What do I need to know about GDPR and ShopStyle Collective?
- What exactly is GDPR?
- Does GDPR affect me?
- Updated ShopStyle Collective terms of service and its requirements
- When is consent required for EU end-users?
- What do I have to do to be compliant with GDPR?
- Retailer Changes for the EU
This guide does not constitute legal advice: You should seek your own legal counsel on your responsibilities under the GDPR.
1. What exactly is GDPR?
A regulation from the European Union that came into action on May 25, 2018. It’s about the management of personal data and privacy for any European user. Find out more here.
Think about GDPR from your visitor’s perspective and this basically breaks down to two concepts: transparency and control. You need to give your visitors transparency about what personal data you are collecting, what you are doing with it, and if you are sharing it (and with whom). And, you need to allow them control over what you can do with their personal data (, let them decide to what level they are comfortable with you using their personal data). If you get these two things right, you are on the path to GDPR compliance.
2. Does GDPR affect me?
We are anticipating you will be GDPR-compliant by May 25, 2018 if you reside in the EU and/or have any EU traffic, which involves a number of changes to your blog.
3. ShopStyle Collective Terms of Service Update
We updated our terms of service on May 14, 2018. You can read the updated terms policy here (Section 14 covers Data Regulations and GDPR).
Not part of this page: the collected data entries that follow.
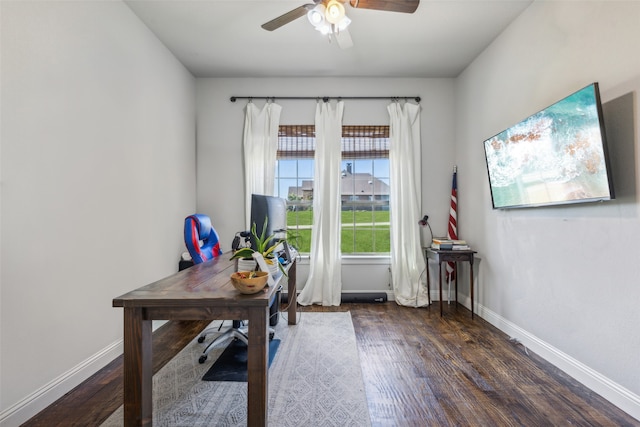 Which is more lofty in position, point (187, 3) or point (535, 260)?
point (187, 3)

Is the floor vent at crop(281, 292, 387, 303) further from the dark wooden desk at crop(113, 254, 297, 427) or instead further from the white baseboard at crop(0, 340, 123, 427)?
the dark wooden desk at crop(113, 254, 297, 427)

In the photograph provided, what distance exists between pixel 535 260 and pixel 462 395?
1.26 m

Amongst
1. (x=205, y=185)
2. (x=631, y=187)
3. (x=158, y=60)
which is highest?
(x=158, y=60)

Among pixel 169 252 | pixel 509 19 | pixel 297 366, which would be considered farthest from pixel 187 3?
pixel 297 366

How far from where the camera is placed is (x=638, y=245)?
161 centimetres

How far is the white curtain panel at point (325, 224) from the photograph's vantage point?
12.0ft

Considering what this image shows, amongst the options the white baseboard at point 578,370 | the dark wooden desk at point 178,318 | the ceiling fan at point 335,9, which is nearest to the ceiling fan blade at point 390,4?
the ceiling fan at point 335,9

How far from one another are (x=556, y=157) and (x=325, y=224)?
7.59 feet

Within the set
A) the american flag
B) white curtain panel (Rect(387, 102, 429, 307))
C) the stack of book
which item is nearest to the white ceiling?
white curtain panel (Rect(387, 102, 429, 307))

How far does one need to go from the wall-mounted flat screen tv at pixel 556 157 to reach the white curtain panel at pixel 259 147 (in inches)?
93.8

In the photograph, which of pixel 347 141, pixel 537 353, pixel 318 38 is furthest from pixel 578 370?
pixel 318 38

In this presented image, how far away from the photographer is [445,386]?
188cm

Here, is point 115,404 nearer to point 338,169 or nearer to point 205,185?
point 205,185

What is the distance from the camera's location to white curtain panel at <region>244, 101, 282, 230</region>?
3689 mm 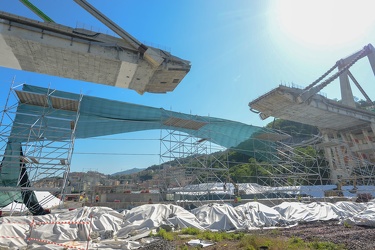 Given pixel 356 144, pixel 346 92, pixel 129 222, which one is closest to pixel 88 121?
pixel 129 222

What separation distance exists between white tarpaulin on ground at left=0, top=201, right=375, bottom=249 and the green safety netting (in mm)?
4947

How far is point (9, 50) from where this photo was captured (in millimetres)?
14773

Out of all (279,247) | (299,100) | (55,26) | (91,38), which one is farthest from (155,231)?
(299,100)

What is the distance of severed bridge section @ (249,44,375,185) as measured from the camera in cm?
2619

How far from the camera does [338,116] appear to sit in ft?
101

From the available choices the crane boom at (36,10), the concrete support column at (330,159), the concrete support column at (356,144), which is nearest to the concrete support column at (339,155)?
the concrete support column at (330,159)

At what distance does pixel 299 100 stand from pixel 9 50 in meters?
25.2

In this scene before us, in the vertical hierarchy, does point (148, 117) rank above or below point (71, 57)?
below

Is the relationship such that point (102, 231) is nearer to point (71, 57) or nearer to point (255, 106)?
point (71, 57)

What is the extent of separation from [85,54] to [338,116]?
30415 mm

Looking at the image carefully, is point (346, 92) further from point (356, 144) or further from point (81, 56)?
point (81, 56)

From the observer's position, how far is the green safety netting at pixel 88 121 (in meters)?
13.5

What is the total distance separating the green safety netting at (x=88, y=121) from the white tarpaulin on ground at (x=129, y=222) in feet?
16.2

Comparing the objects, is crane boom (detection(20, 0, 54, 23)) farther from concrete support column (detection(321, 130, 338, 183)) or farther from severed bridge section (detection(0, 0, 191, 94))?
concrete support column (detection(321, 130, 338, 183)) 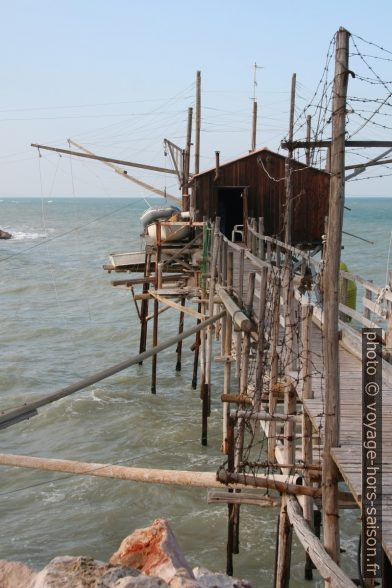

- Data Regulations. You shall take all necessary and proper measures to protect personal privacy on your Creator Properties, including, without limitation, making all appropriate privacy and data collection and/or data usage disclosures in accordance with Applicable Laws. You will comply with the obligations under applicable data protection, privacy or similar laws that apply to data processed in connection with this Agreement. If your Creator Properties include visitors from the European Union (“EU”), you will comply with any regulations implementing the Data Protection Directive 95/46/EC and the Privacy and Electronic Communications Directive 2002/58/EC (collectively, “Data Regulations”). You shall obtain prior, freely given, specific and informed consent from any visitors to your Creator Properties that cookies are being served by ShopStyle on the visitors who click through the Authorized Links on your Creator Properties. You will cooperate with ShopStyle as reasonably requested to enable the compliance with this Section.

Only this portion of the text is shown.